Presentation Bias Analysis

  • Beyond Position Bias- Examining Result Attractiveness as   a Source of Presentation Bias in Clickthrough Data
    Author: Yisong Tue, yyue@cs.cornell.edu
    Abstract: In this paper, we examine result summary attractiveness as a potential source of presentation bias. This study distinguishes itself from prior work by aiming to detect systematic biases in click behavior due to attractive summaries inflating perceived relevance. Our experiments conducted on the Google web search engine show substantial evidence of presentation bias in clicks towards results with more attractive titles.

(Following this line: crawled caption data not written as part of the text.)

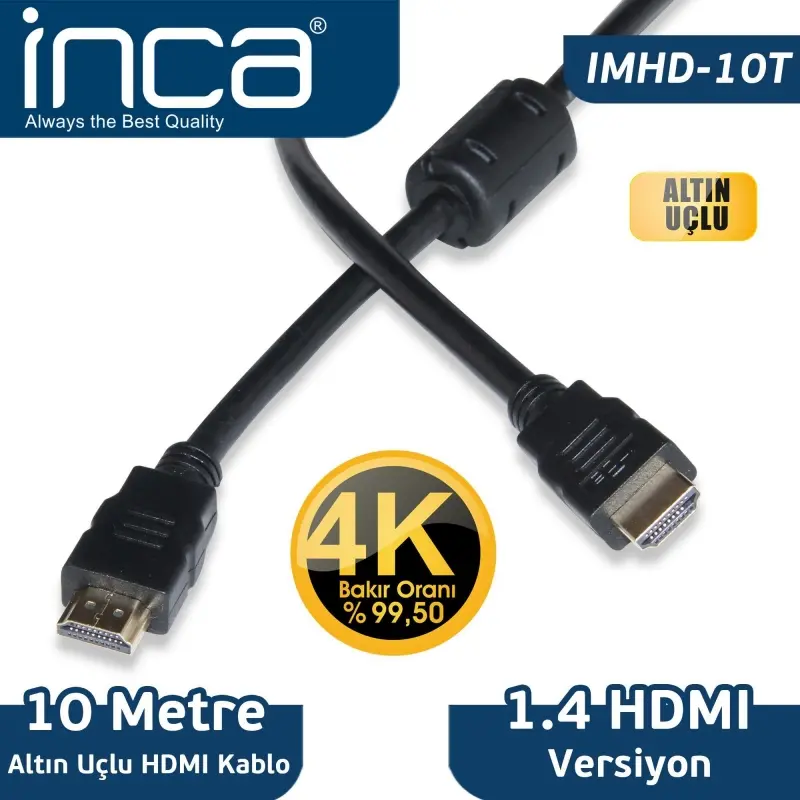 INCA IMHD-10T 10 m HDMI 1.4V 3D Altın Uçlu Kablo, Yüksek Kalite Görüntü Aktarımı
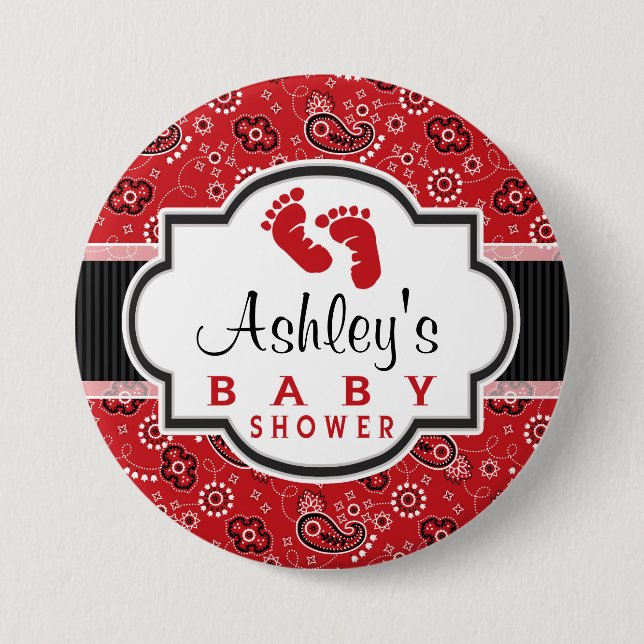 Badge Rond 7,6 Cm Baby shower de Paisley (Devant)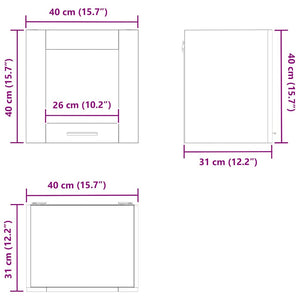 Hängeschrank 2er Set, Geräucherte Eiche, 40 cm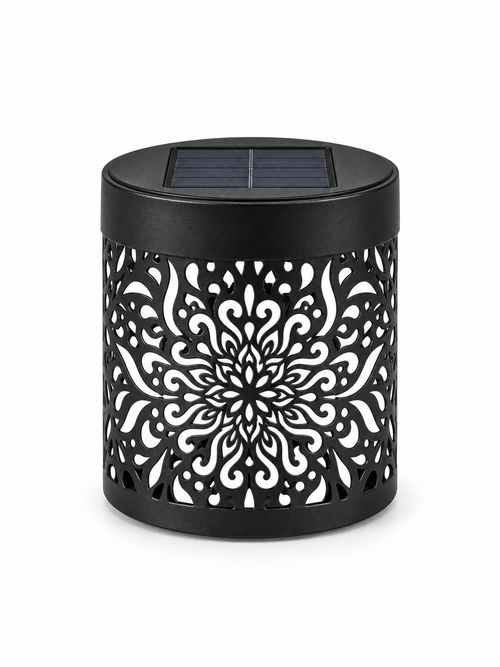 Black solar decorative lantern on white background
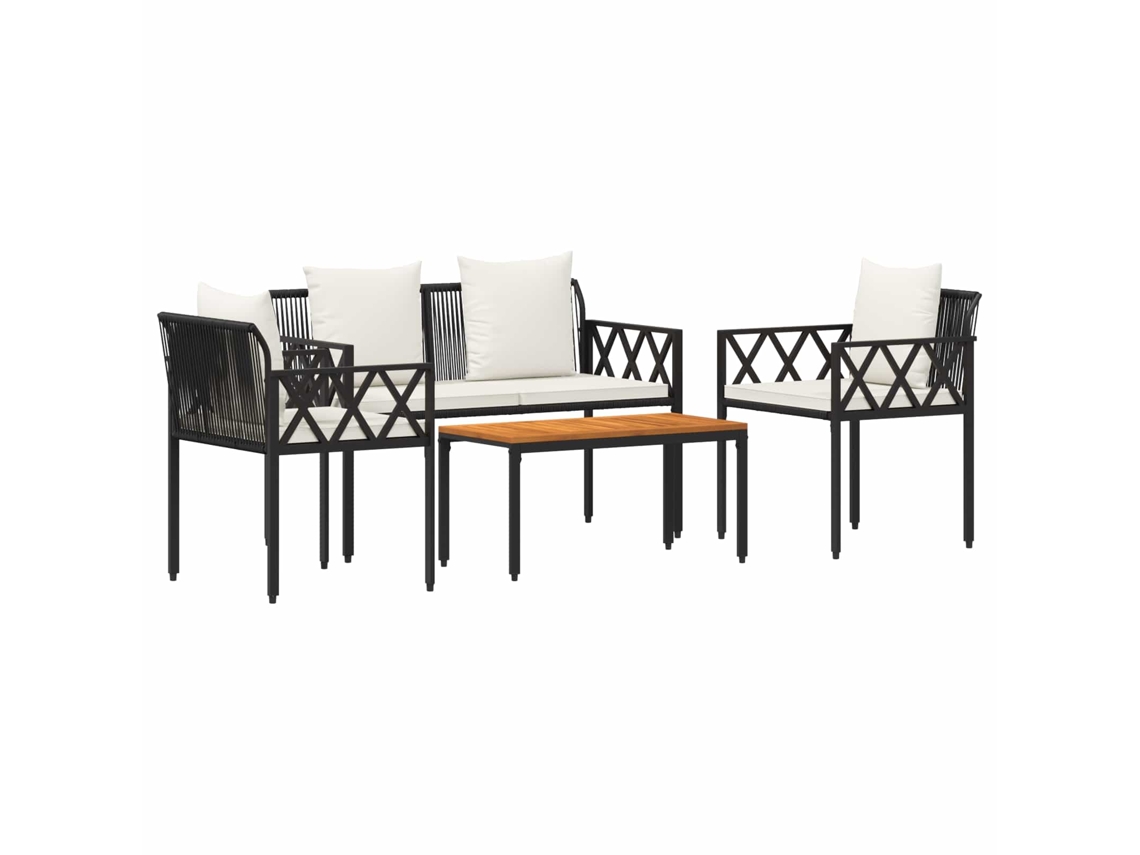Maison Exclusive - Conjunto De Móveis Para Exterior 4 Unid. Preto E Branco Creme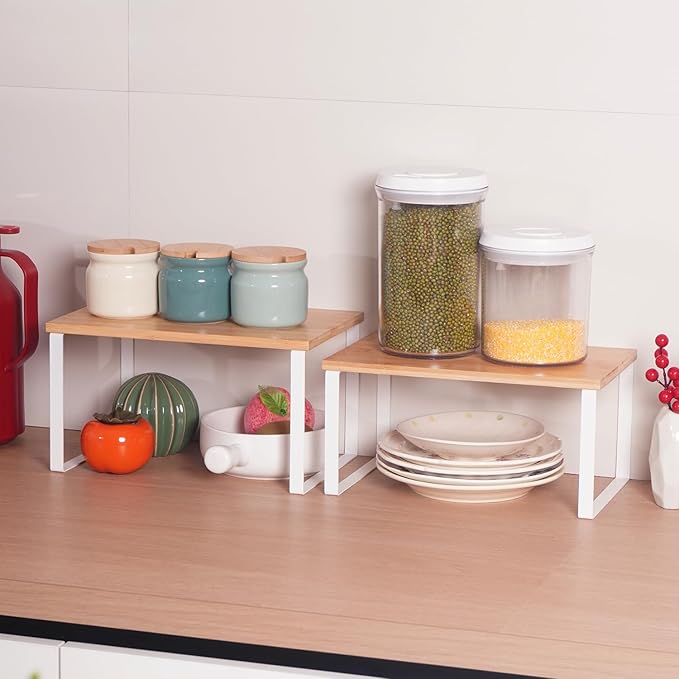 Kitchen Cabinet Organizer Shelf, Set of 2 Stackable Counter Shelves, Small Wood Cabinet Riser Shelf for Pantry Cupboard Spice Dish Mug Cup, Expandable, Metal Engineered Wood (Beige & White, 11.7''W)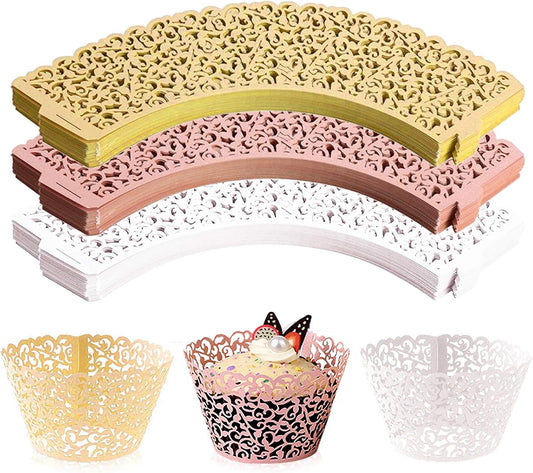 150 Pack Cupcake Wrappers, Little Vine Lace Laser Cut Liner, Paper Baking Cups for Wedding Party Birthday Baby Showers Decoration (Gold, White, Pink)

Personalized Click Prediction

  • Matchbox-Large Scale Online Bayesian Recommendations
    Author: David Stern, dstern@microsoft.com
    Abstract:
    We present a probabilistic model for generating personalised recommendations of items to users of a web service. The Matchbox system makes use of content information in the form of user and item meta data in combination with collaborative filtering information from previous user behavior in order to predict the value of an item for a user. Users and items are represented by feature vectors which are mapped into a low-dimensional ‘trait space’ in which similarity is measured in terms of inner products. The model can be trained from different types of feedback in order to learn user-item preferences.
  • Discovering and Using Groups to Improve Personalized Search
    Author: Jaime Teevan, teevan@microsoft.com
    Abstract:
    Personalized Web search takes advantage of information about an individual to identify the most relevant results for that person. To better understand whether groups of people can be used to benefit personalized search, we explore the similarity of query selection, desktop information, and explicit relevance judgments across people grouped in different ways. The groupings we explore fall along two dimensions: the longevity of the group members’ relationship, and how explicitly the group is formed. We find that some groupings provide valuable insight into what members consider relevant to queries related to the group focus, but that it can be difficult to identify  valuable groups implicitly. Building on these findings, we explore an algorithm to "groupize" (versus "personalize") Web search results that leads to a significant improvement in result ranking on group-relevant queries.
  • Personalized Click Prediction in Sponsored Search
    Author: Haibin cheng, hcheng@yahoo-inc.com
    Abstract: The objective of this paper is to present a framework for the personalization of click models in sponsored search. We develop user-specific and demographic-based features that reflect the click behavior of individuals and groups. The features are based on observations of search and click behaviors of a large number of users of a commercial search engine. We add these features to a baseline non-personalized click model and perform experiments on offline test sets derived from user logs as well as on live traffic. Our results demonstrate that the personalized models significantly improve the accuracy of click prediction.